Unlike other factors driving AMR, there are known solutions to assuring medicines quality.
- We commend WHO for increasing antimicrobial drug quality surveillance under the Global Surveillance and Monitoring System.
- Coordination between WHO’s AMR and Essential Medicines programs would facilitate information-sharing about the “drug-bug” connection, where substandard medicines’ presence may inform patterns of drug resistance.
- The WHO “Prevent, Detect, Respond” framework for substandard and falsified (SF) medicines offer national regulatory authorities guidance in practically integrating medicine quality into National Action Plans, building regulatory capacity to deter SF presence in the market, while generating evidence through surveillance and research on this global problem.
We commit to collaborating with WHO and Member States to ensure antimicrobial drug quality.
USP Statement on Member State mechanism on substandard and falsified medical products
USP appreciates the opportunity to comment on the Director General’s report on the Member State mechanism on substandard and falsified medical products.
Everyone deserves access to medicines they can trust as a right, not a privilege. Yet increasingly, we see substandard and falsified medicines harming patients and threatening the public health.
We commend the WHO and Member States for the 2017 release of two landmark reports: one on the prevalence of substandard and falsified medicines and one on their socioeconomic and public health impact. These have generated greater awareness of the scope and scale of the problem, and the threat undermining progress across many areas of global health. We congratulate the Director General for his leadership on this issue; we are inspired by the heads of State from the African member states who have elevated this issue to the highest levels.
As a committed partner to the Member State mechanism, USP serves as a technical resource to the Working Group of Activity C, improving Member States’ understanding of detection technologies. Through the Promoting the Quality of Medicines program supported by USAID, USP shares field reports with the Global Surveillance and Monitoring System and supports regulatory agencies to strengthen quality assurance systems.
We believe that it is time for the Member State Mechanism to widen the tent.
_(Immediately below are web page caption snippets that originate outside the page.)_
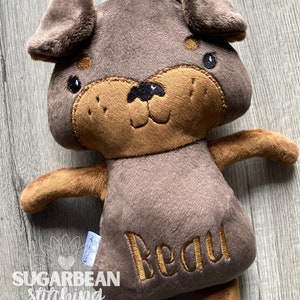 Peluche de perro Doberman con monograma. Muñeca de peluche de 18 de altura. Muñeca de perro personalizada imagen 4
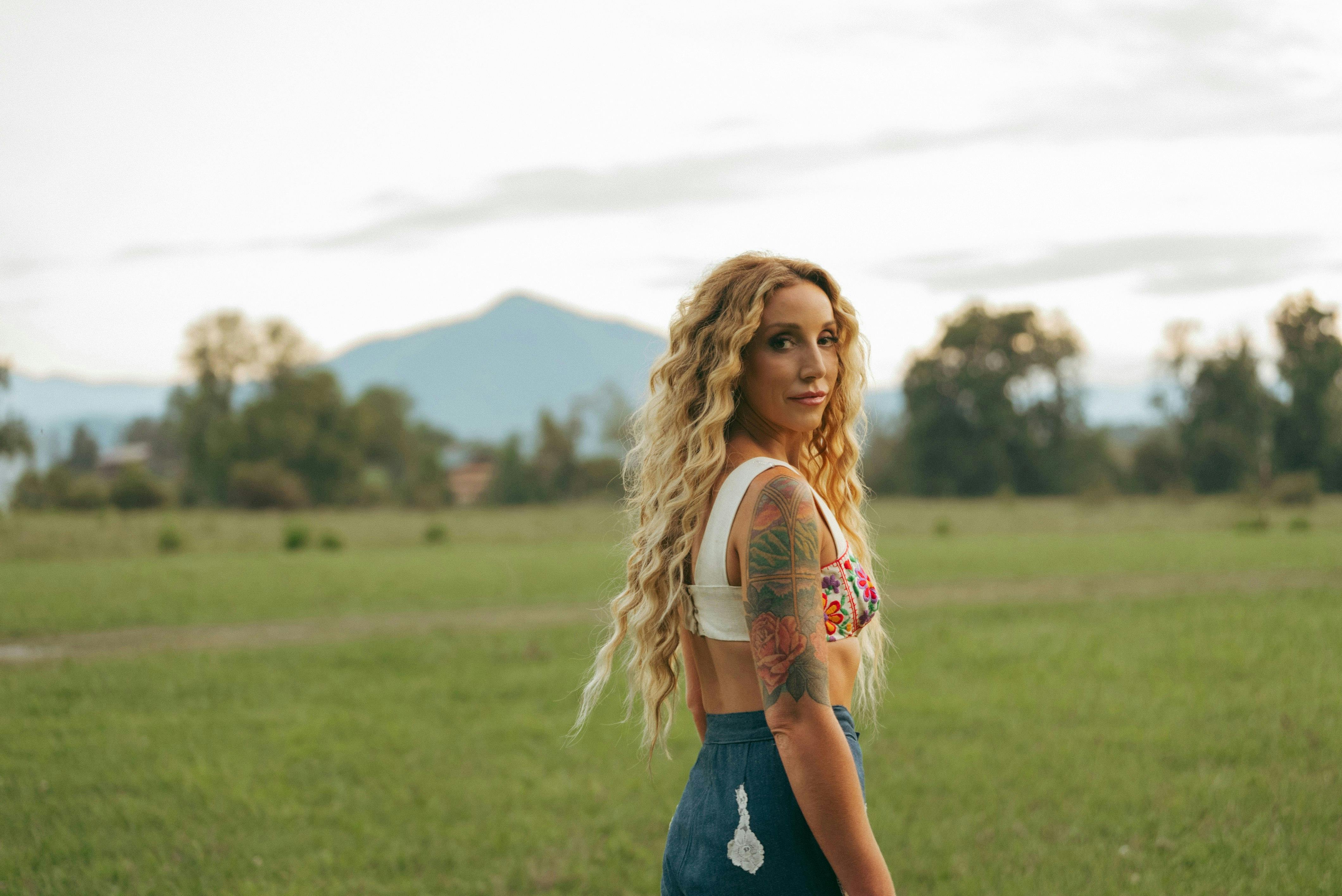 Tractor Tavern Presents: Ashley Monroe, Striking Matches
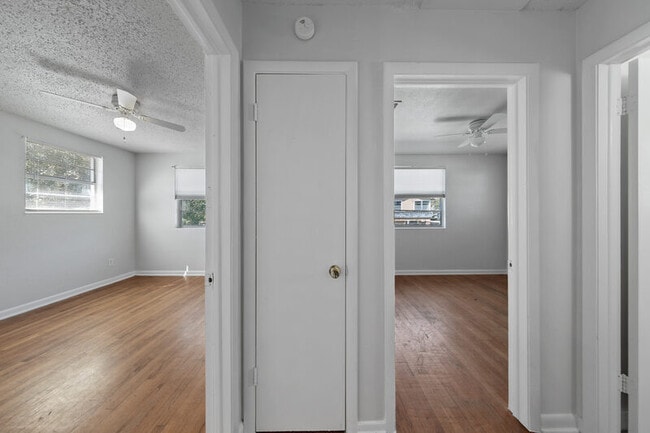 Building Photo - 1531 Louisiana St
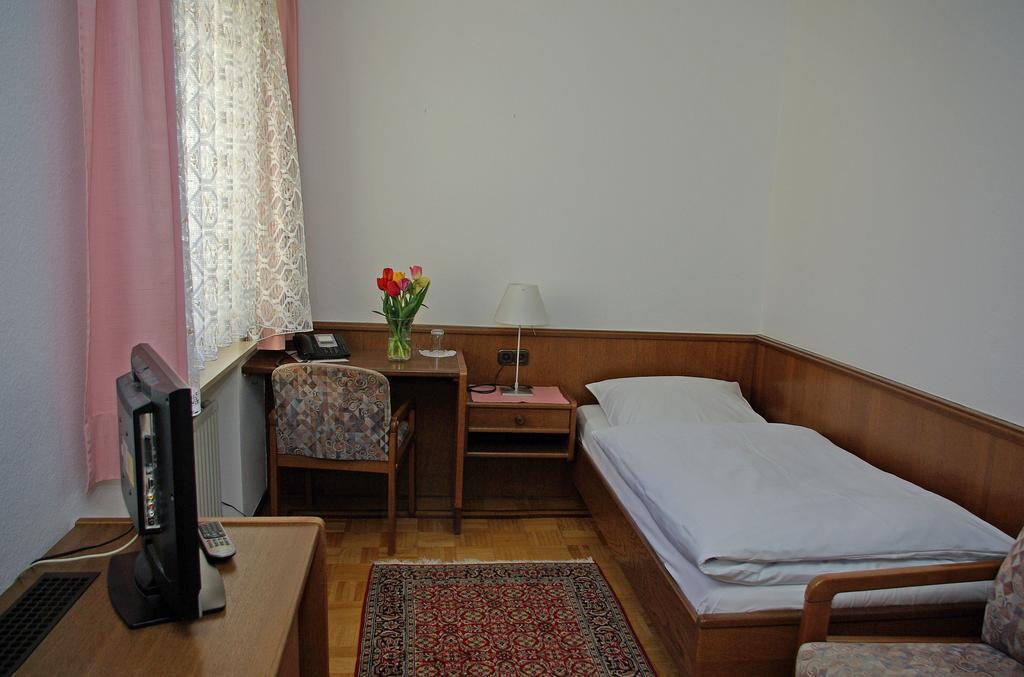 באד הומבורג וור דר הואה Hotel Alte Bruecke חדר תמונה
As a partner of the Medicines We Can Trust campaign, a global movement to raise awareness of the importance of medicines quality and the impact poor-quality medicines have on people’s lives, we welcome the opportunity to collaborate in Activities D, E and F. With the active engagement of scientists, practitioners, patients and consumers, supporting the work of regulators and public health advocates, we can stem the tide of SF medicines.